Each line below should be repeated exactly as written, with no pictures carried over.

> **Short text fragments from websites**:

----------------

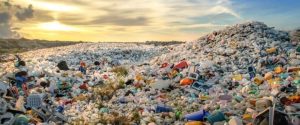 Sustainable Plastics Could Revolutionize Waste Management In Emerging Markets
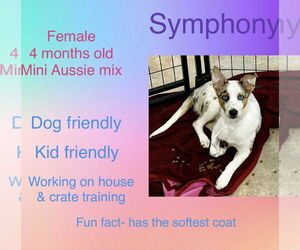 Australian Shepherd-Unknown Mix Dogs for adoption in New Oxford , PA, USA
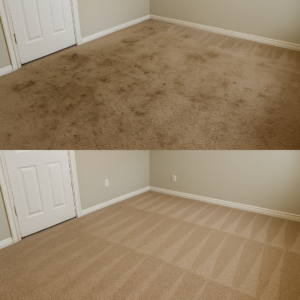 Before and after residential carpet cleaning
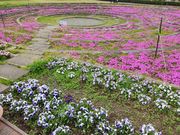 낭܂̏oscكNCp[N݂̓eʐ^2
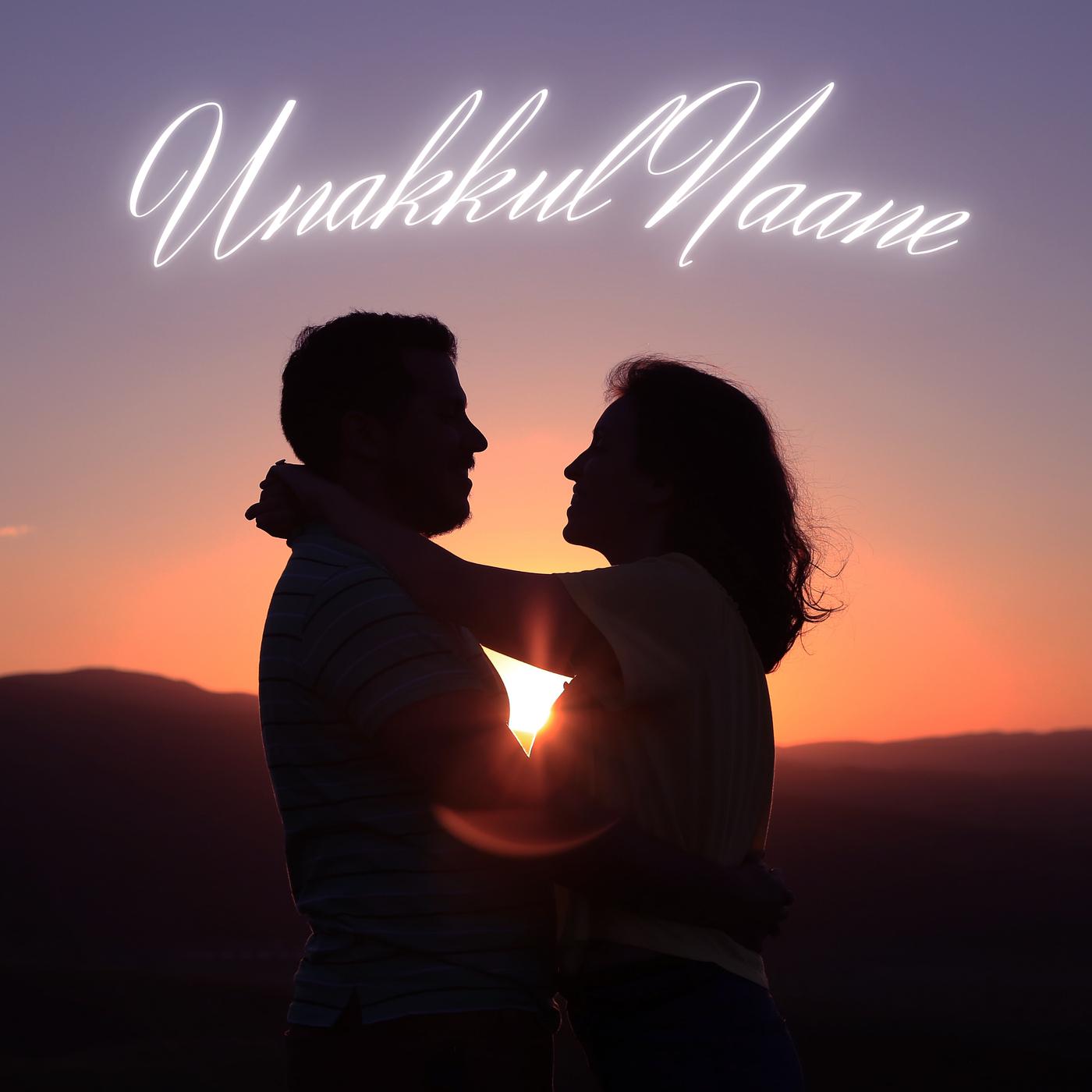 Постер альбома Unakkul Naane (Flip Mix)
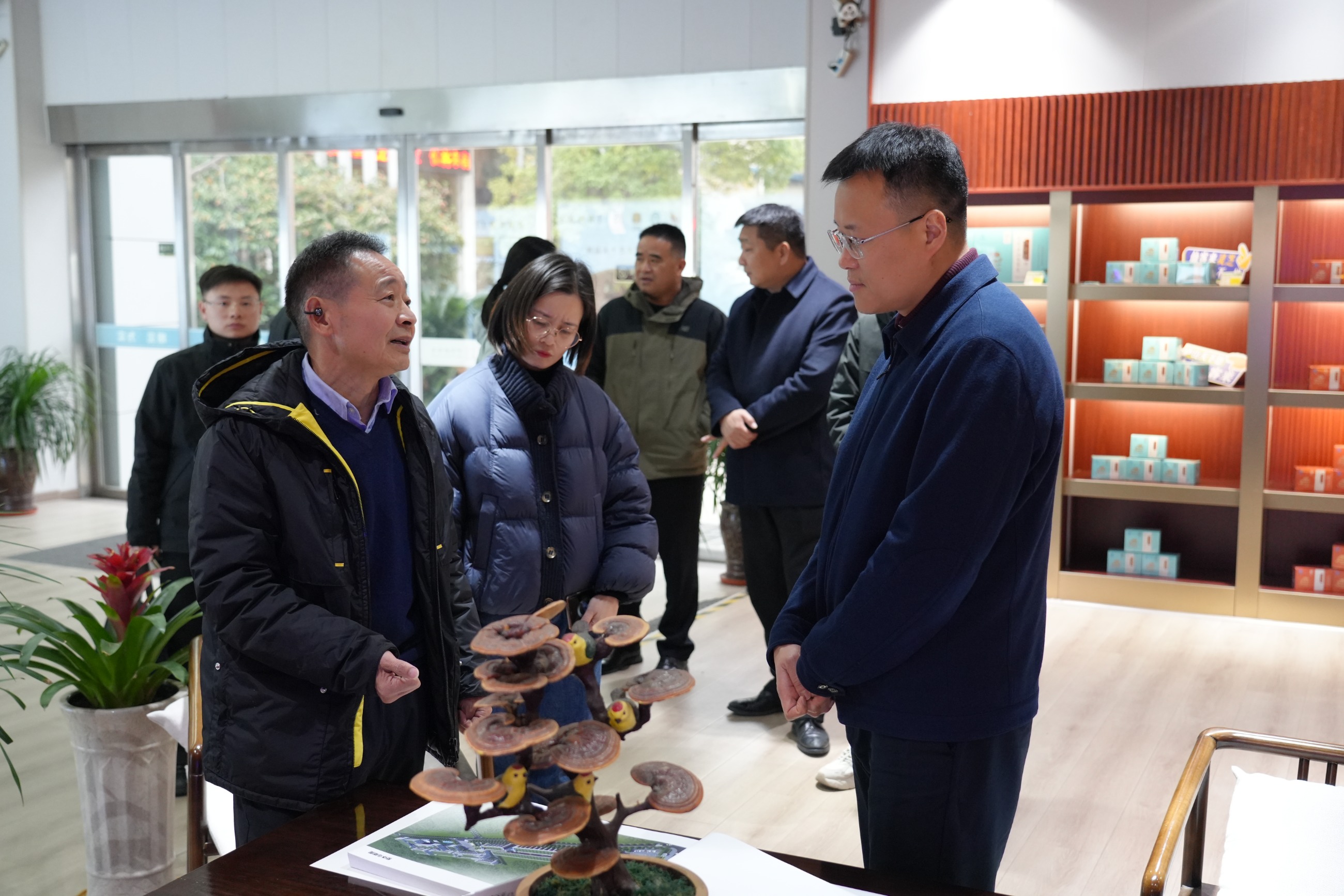 杭州亞運會官方靈芝產(chǎn)品供應(yīng)商|杭州亞運會官方供應(yīng)商|中國靈芝十大品牌|仙客來靈芝|仙客來靈芝破壁孢子粉|仙客來孢子油|仙客來靈芝飲片|仙客來破壁孢子粉|靈芝孢子油|孢子粉|靈芝破壁孢子粉|靈芝|中華老字號 杭州亞運會官方靈芝產(chǎn)品供應(yīng)商|杭州亞運會官方供應(yīng)商|中國靈芝十大品牌|仙客來靈芝|仙客來靈芝破壁孢子粉|仙客來孢子油|仙客來靈芝飲片|仙客來破壁孢子粉|靈芝孢子油|孢子粉|靈芝破壁孢子粉|靈芝|中華老字號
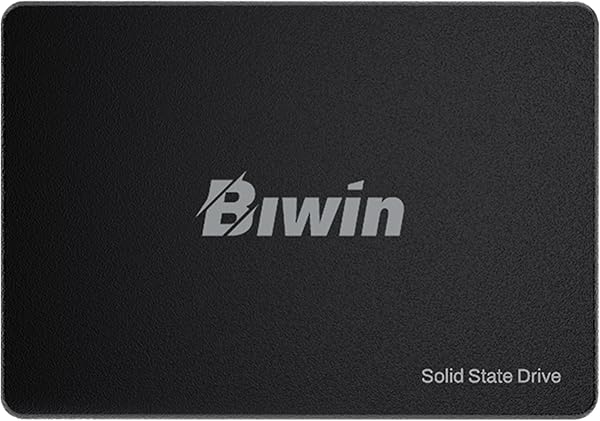 Biwin M100 256GB SSD 2.5" SATA III High Speed 550MB/s Internal SSD High Durability Low Power Consumption Shock Resistant PS4 Compatible Manufacturer 3-Year Warranty - 1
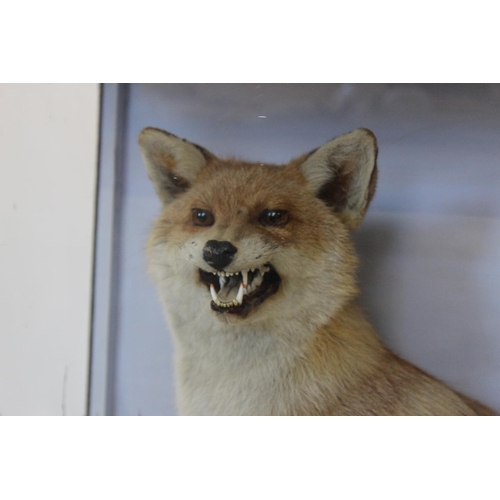 407 - TAXIDERMY: A cased taxidermy fox modelled seated and snarling over a game bird kill, set to a natura... 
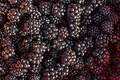 Rubus fruticos&hellip;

----------------

> **Exercise result**:
 Sustainable Plastics Could Revolutionize Waste Management In Emerging Markets
 Australian Shepherd-Unknown Mix Dogs for adoption in New Oxford , PA, USA
 Before and after residential carpet cleaning
 낭܂̏oscكNCp[N݂̓eʐ^2
 Постер альбома Unakkul Naane (Flip Mix)
 杭州亞運會官方靈芝產(chǎn)品供應(yīng)商|杭州亞運會官方供應(yīng)商|中國靈芝十大品牌|仙客來靈芝|仙客來靈芝破壁孢子粉|仙客來孢子油|仙客來靈芝飲片|仙客來破壁孢子粉|靈芝孢子油|孢子粉|靈芝破壁孢子粉|靈芝|中華老字號 杭州亞運會官方靈芝產(chǎn)品供應(yīng)商|杭州亞運會官方供應(yīng)商|中國靈芝十大品牌|仙客來靈芝|仙客來靈芝破壁孢子粉|仙客來孢子油|仙客來靈芝飲片|仙客來破壁孢子粉|靈芝孢子油|孢子粉|靈芝破壁孢子粉|靈芝|中華老字號
 Biwin M100 256GB SSD 2.5" SATA III High Speed 550MB/s Internal SSD High Durability Low Power Consumption Shock Resistant PS4 Compatible Manufacturer 3-Year Warranty - 1
 407 - TAXIDERMY: A cased taxidermy fox modelled seated and snarling over a game bird kill, set to a natura... 
 Rubus fruticos&hellip;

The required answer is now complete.